_Task prompt_
From the first line to the last, restate the material word for word; pictures stay out.

START Data

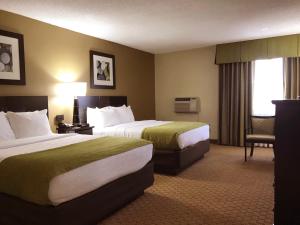 NavajoLand Hotel客房内的一张或多张床位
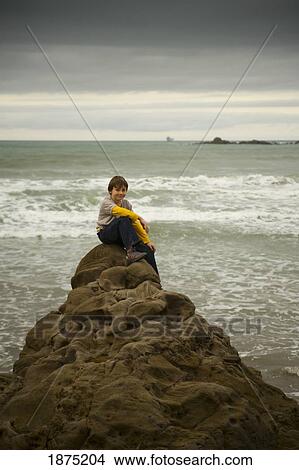 Picture - a boy sits on a rock at the water's edge. Fotosearch
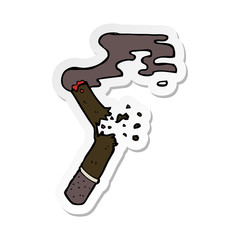 sticker of a cartoon broken cigar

END Data

_Your solution_
 NavajoLand Hotel客房内的一张或多张床位
 Picture - a boy sits on a rock at the water's edge. Fotosearch
 sticker of a cartoon broken cigar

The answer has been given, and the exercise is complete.